If you’re a fan of prosecco, Italy’s most popular export, it can be incredibly tempting to fill your wine rack with champagne’s cheaper cousin. Because let’s face it, who doesn’t love a glass or three of fizz on a random school night?
But how long should you leave a bottle of prosecco in your rack undrunk? Can unopened prosecco go bad?
Let’s find out…
Will prosecco go bad?
An unopened bottle of prosecco isn’t likely to go off because who is going to leave a delicious bottle of unopened prosecco in the wine rack for a long time? It’s unthinkable!
Unfortunately, the truth is, unopened prosecco can go bad, and we’ll take a look at the reasons why you should take this as permission to drink that bottle of fizz you’ve been saving ‘for a special occasion’, tonight.
First things first, prosecco is not champagne, it’s not designed to be laid down to age. Champagne is an expensive drink that can handle aging, prosecco is an affordable alternative that can’t. It’s a bright, young thing that needs to be enjoyed in its youth. Unlike fine wine, it doesn’t get better with age, so it doesn’t need to be kept ‘for best’.
And definitely don’t keep it in your fridge…

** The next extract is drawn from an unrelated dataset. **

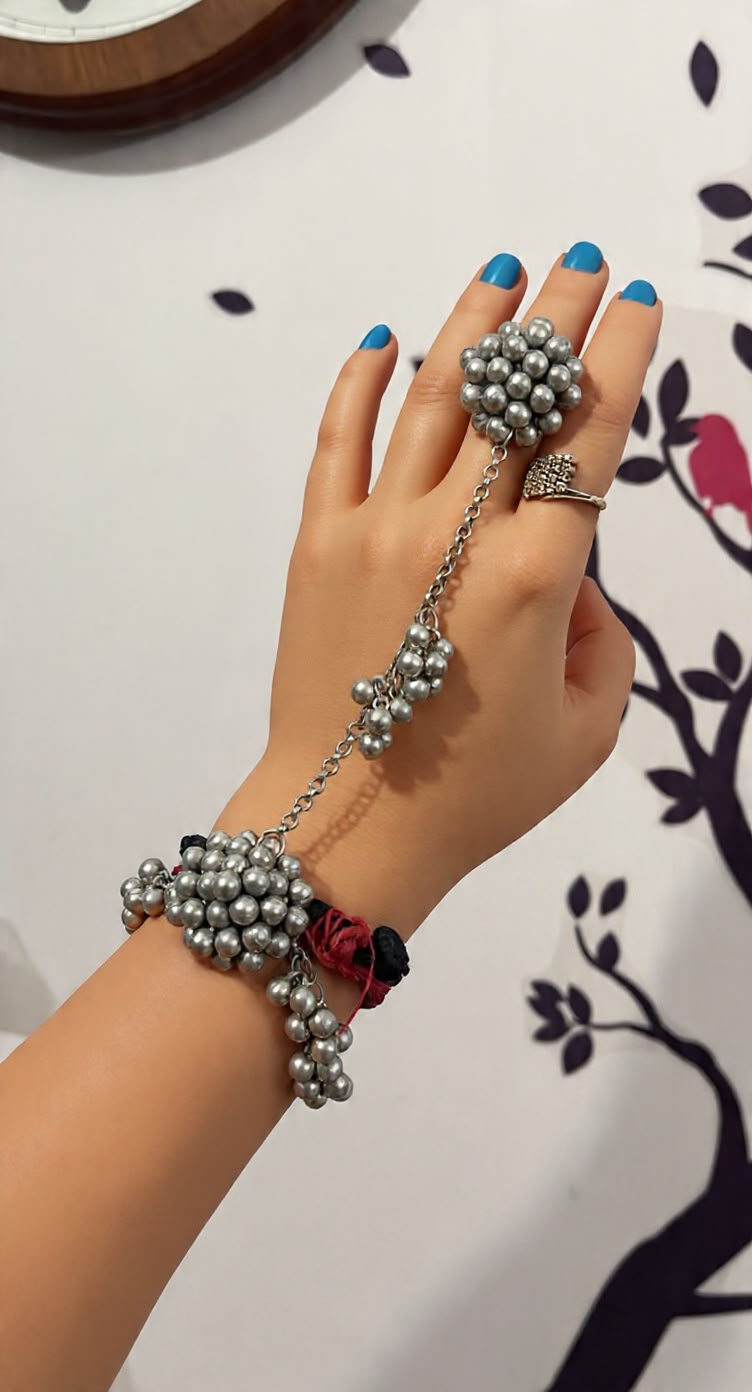 Hand Harness- Pair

How long does unopened prosecco last?
How long is too long unopened?
The recommendation for drinking prosecco is to consume the drink no more than one to two years after it was bottled (you’ll find the Best Before date stamped on the neck of the bottle). This is because prosecco will begin to lose its flavour over time, as well as flatten and lose some of its fizz, turning it dull and lifeless – the total antithesis of a party starter!
While you can purchase ‘flat’ prosecco (also known as tranquilo), the most commonly drunk – and much loved prosecco, is the fully-sparkling wine. To experience prosecco at its best – when it’s refreshingly effervescent and the flavour is vibrant, fresh and highly aromatic, drink it as soon as you buy it, and as soon as you pop the cork.

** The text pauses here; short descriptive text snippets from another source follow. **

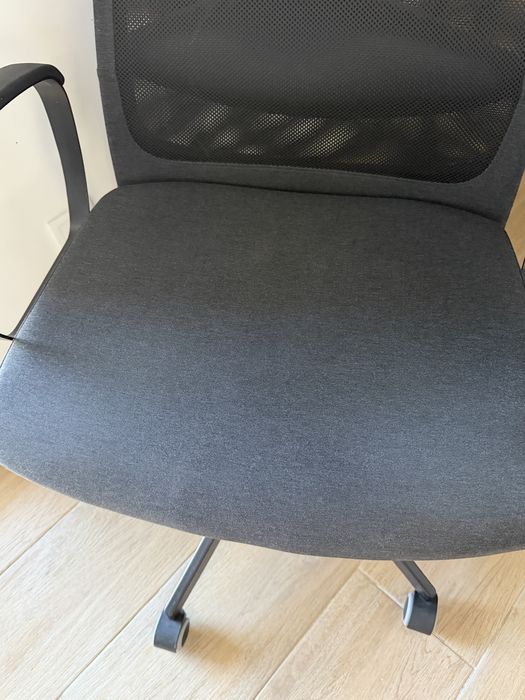 cadeira gamer  (IKEA)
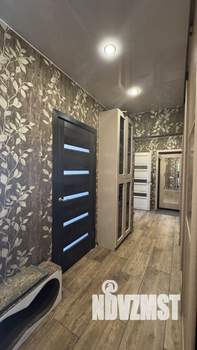 3-к квартира, вторичка, 71м2, 9/12 этаж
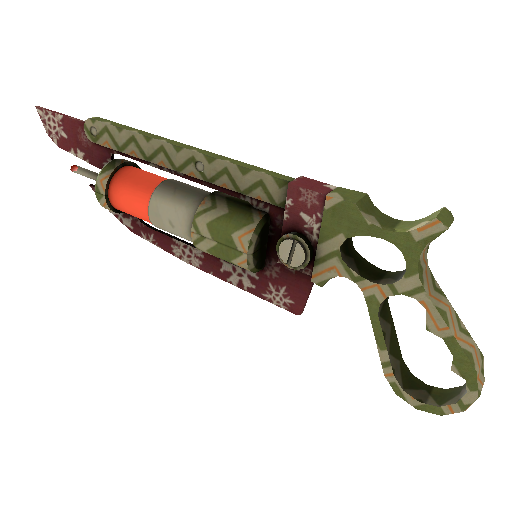 Smissmas Sweater Übersaw (Factory New)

Once you’ve opened a bottle of prosecco, you probably have 3-4 days tops before it spoils – which is when it loses its fizz, aroma and flavour.
Drinking expired prosecco
If you’ve seen the expiry date on the neck of your favourite bottle of fizz has passed, is it OK to drink?
The short answer is no.
The longer answer is: as mentioned before, prosecco is a young wine that doesn’t like to age. It has a much higher sugar to acid ratio than other wine, meaning that if you try to age it in a cool, dark cellar, it simply becomes stale, the bubbles disperse, the wine loses its sparkle, and that fresh, floral flavour falls flat.
You can tell if your prosecco has gone bad – if it’s turned yellow or brown, if it’s cloudy, or has a musty smell, or if it’s flat, or with very few bubbles, it’s gone off. So if your bottle has a ‘Best Before’ date, treat it like the truth.
Best ways to preserve unopened prosecco
The best way to preserve an unopened bottle of prosecco is very simple:
- Store your bottle in an upright position. This way you prevent the wine from coming in contact with the cork. But won’t the cork dry out? That isn’t the problem. The problem comes if you let the cork get soggy, because a wet cork allows air into the bottle. And once air reaches the golden elixir inside, it will begin to go stale. Keep it upright and drink it ASAP is our advice, or buy it in a can.
- Keep your bottle of fizz in a cool, dark room. You want to keep wine in a cool environment because heat is a known catalyst, and you don’t want your fizz undergoing any chemical reactions, altering its taste or mouthfeel. You want the room dark because light, like heat, can also cause a chemical reaction in the wine’s compounds causing the wine to go bad. Wine that’s been damaged due to light exposure is known as having been ‘light struck’. Meaning the wine has aged prematurely and its taste, smell, colour and general mouthfeel have been irrevocably altered, for the worse. Side note – if your prosecco is in a can, you don’t have to worry about the light affecting it, cans block out all UV light.
- Don’t keep your prosecco in the fridge. You might think ‘cool and dark’ equals storing it in a fridge but if you’ve ever left anything uncovered in the fridge – bread, meat, etc, you’ll know how dry it becomes. The same happens to the bottle’s cork – and when it dries, it lets the air in and spoils the prosecco. Again, this isn’t an issue that affects wine in a can.
Does prosecco in a can go bad?
So, does the answer to keeping prosecco for longer lie in canning it, rather than bottling it?
Sadly not. Wine in a can is designed for convenience rather than to assist the aging process – the development that fine wine undergoes in a bottle with a cork, can’t happen in an airtight can.
But the great thing about prosecco in a can is that it provides the perfect sustainable solution for producing easy drinking, young wines, which is precisely what prosecco is.
Prosecco is the perfect Friday night aperitif, it goes wonderfully with pretty much any meal, instantly injecting some sparkles into an otherwise ordinary day. So don’t leave that bottle hanging around in your rack for long!